In an effort to functionally connect the atrogenes, MuRF1 and Atrogin-1, to a mechanism of muscle loss, we endeavored to determine whether knocking down both genes in jerboa foot muscle in vivo could be sufficient to rescue myofibers or to delay their loss. Although we developed a system to validate shRNAs targeting each jerboa gene after first inducing MuRF1 and Atrogin-1 expression in cultured primary jerboa myofibers, shRNA delivery into rodent neonatal foot muscle was not feasible (not shown). Lentiviral injection bathes the ensheathing muscle connective tissue, and infection rarely reaches myofibers of these small muscles in either mouse or jerboa. Plasmid injection and electroporation, which is feasible in adult rodent feet (DiFranco et al., 2009), is not efficient in neonatal feet of either species. This is likely because the neonatal foot lacks a cavity to contain injected DNA, provided by separation of the overlying skin in mature animals, which is required for efficient plasmid uptake by electroporation (Krull, 2004).

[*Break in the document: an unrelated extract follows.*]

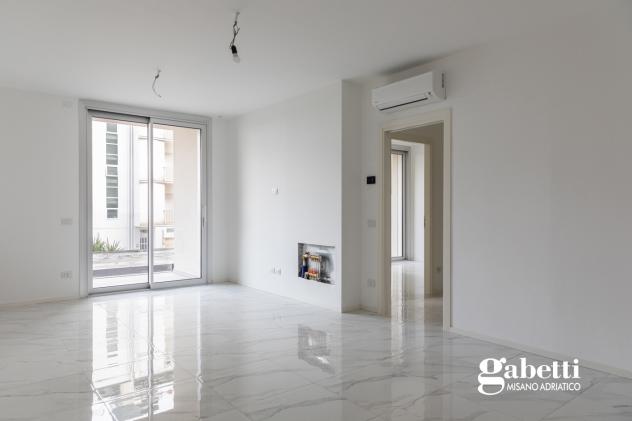 Appartamento - Gabicce Mare . Rif.: MI011/BVRG - Foto 3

Even if genetic manipulations were technically feasible, intrinsic foot muscle loss first appeared in the jerboa lineage more than 20 million years ago. For phenotypes that diverged over such long evolutionary distances, a large set of genes and mechanical acommodation of integrated tissues are likely at play, which were collectively honed by millions of years of evolution; thus, manipulation of one or two genes may not be sufficient to rescue or delay muscle loss. It is therefore important to consider that a standard of ‘molecular mechanism’ applied to the experimental manipulations of traditional laboratory species may not be appropriate in the context of understanding complex macroevolutionary processes.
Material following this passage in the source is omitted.